Discussion in 'Hardware, Setup & Repair [BG]' started by HairPig, Mar 8, 2014.


  1. HairPig

    HairPig Supporting Member

    Joined:
    Dec 6, 2010
    Location:
    MA
    I've been getting what sounds like static crackles and pops on my 2012 Gibson Thunderbird. It happens when I run my hands up and down the strings and sometimes when I move the bass in certain directions. The crackling is intermittent but very frequent, and if I run my hands up and down the strings several times and then move the bass around, I can reproduce it. It does not happen when jiggling the output jack, and it happens with various cords and amps.

    I checked the control cavity, and there does not appear to be any obvious loose connection. On a suggestion I found elsewhere, I tried rubbing dryer sheets over the control cavity cover and rest of the bass, with no results.

    The control cavity is not shielded at all (not even paint). Also, I'm not sure about the bridge grounding. There is a grounding wire that comes into the control cavity and is soldered to the tone pot housing, but I have no idea where the other end of the wire terminates. Since there is no obvious wire under the bridge, I'm guessing it connects at one of the 3 posts that hold the bridge. Also of note, the original 3-point bridge has been replaced with a Hipshot Supertone that by design does not make contact with the front post. The rest of the bass is stock except for a Hipshot drop-D tuning peg.

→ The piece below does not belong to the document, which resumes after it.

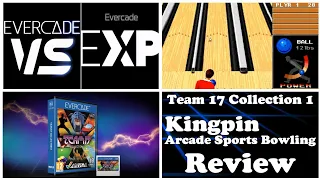 Kingpin: Arcade Sports Bowling Review I Evercade Home Computer 3: Team 17 Collection 1
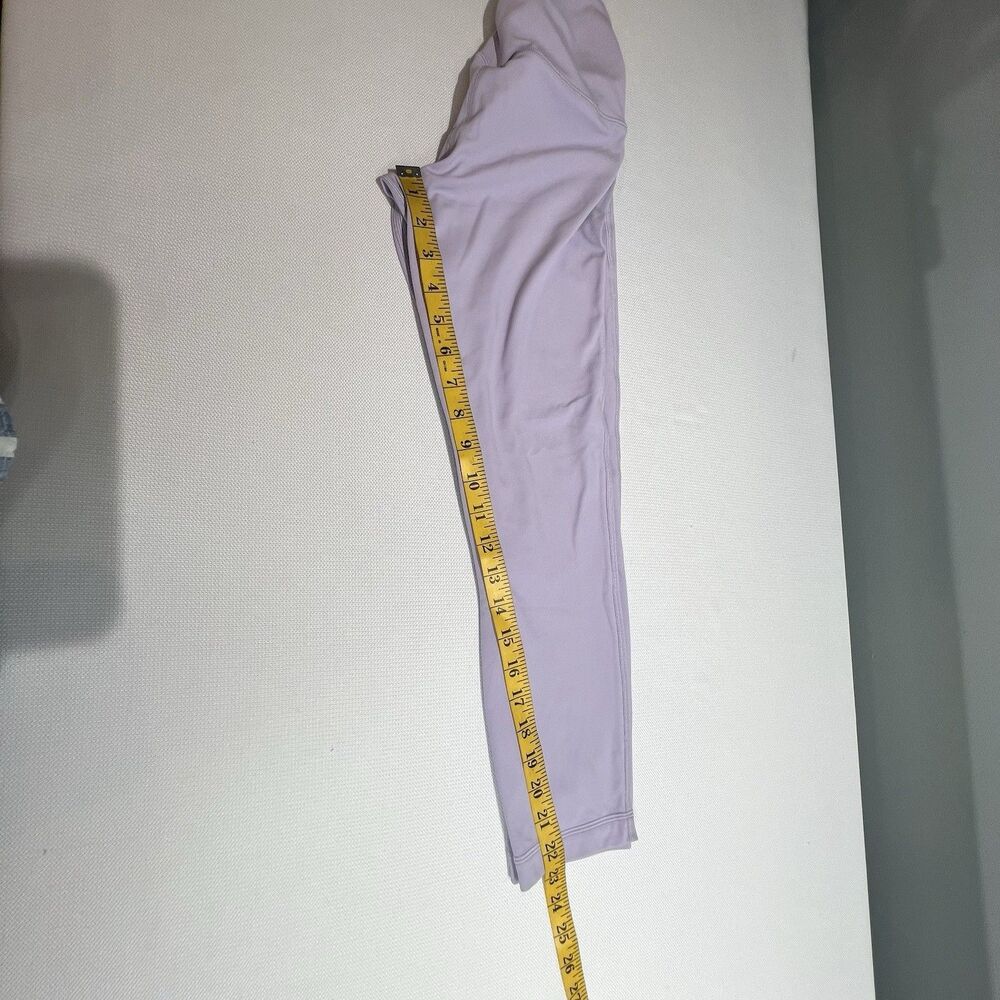 Lululemon Align High Rise Crop 23" Leggings Size 4 Lavender Yoga Workout - Picture 9 of 10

    Any suggestions appreciated.
     
  2. Gluvhand

    Gluvhand

    Joined:
    Feb 19, 2014
    Location:
    Rockland County, NY
    You can test to see if that ground wire is going to that unused post easily enough. Wrap a small wire around the bridge and the unused post and see if that clears things up.
     
  3. aquateen

    aquateen

    Joined:
    Apr 14, 2005
    Location:
    maryland
    there could be a cold solder joint
     
  4. Turnaround

    Turnaround

    Joined:
    May 6, 2004
    Location:
    Toronto Canada
    Disclosures:
    Bass Technician, Club Bass - Toronto
    The plastic film that covers pick guards and control cavity covers when new is often the source of static electricity. Be sure to remove the film.